We need to monitor these pro-criminal meetings and get lists of what companies are part of the pro-criminal axis. Then get their non-criminal competitors to file civil RICO suits against them.
This would make it very expensive to hire illegal aliens. Pretty soon these criminals would either turn from their criminal behavior or be driven out of business. Let a couple of these criminals lose their companies, homes and bank accounts to their non-criminal competitors and the criminals would be tripping over themselves to get legal.
I've read somewhere (sorry no link) that this group was created and funded by Bo Pilgrim, the East Texas poultry magnate.
This organization had a "summit" in Tyler a few months back with the usual sniveling about the lack of suitable employees.
It is hard for citizens to get a job at Wal-Mart, Target, K-Mart, Costco, or just about anywhere else due to the pressures applied by willing illegals to work for less and keep their mouths shut.
Easy to verify this as true or false.
How much have wages gone up in restaurants, hotels, and agriculture?
Unfulfilled high demand for labor equals higher pay.
I'll bet a years worth of my own pay that low skill wages in Texas have not kept up with inflation for the last 5 years.
The irony is amazing.
Politicians shriek with outrage when American jobs are outsourced to foreign labor.
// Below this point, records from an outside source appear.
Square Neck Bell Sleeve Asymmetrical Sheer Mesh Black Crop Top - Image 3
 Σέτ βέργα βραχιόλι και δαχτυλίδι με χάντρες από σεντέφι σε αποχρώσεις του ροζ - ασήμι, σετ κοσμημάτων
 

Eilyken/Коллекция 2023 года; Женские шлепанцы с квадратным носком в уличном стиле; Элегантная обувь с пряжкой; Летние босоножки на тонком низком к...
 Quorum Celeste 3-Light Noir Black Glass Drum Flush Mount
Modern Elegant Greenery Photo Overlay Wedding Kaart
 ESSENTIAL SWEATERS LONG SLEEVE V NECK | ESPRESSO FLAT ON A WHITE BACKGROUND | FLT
Yet they do nothing when 20 million foreign laborers are in-sourced to America.
The USA just passed the 350 million mark. There's plenty of workers, we don't need any more immigrants.
B U M ping
That sums it up accurately. The masses pay for the free education, city services, welfare, and medical care that the freeloaders obtain, while a handfull of private citizens reap the rewards of "cheap" labor.
Cheap labor ain't cheap.
It's bad enough that the taxpayer has been burdened with carrying the deadwood that makes up the base of the democRAT party, without adding 20 million illegals to the welfare rolls.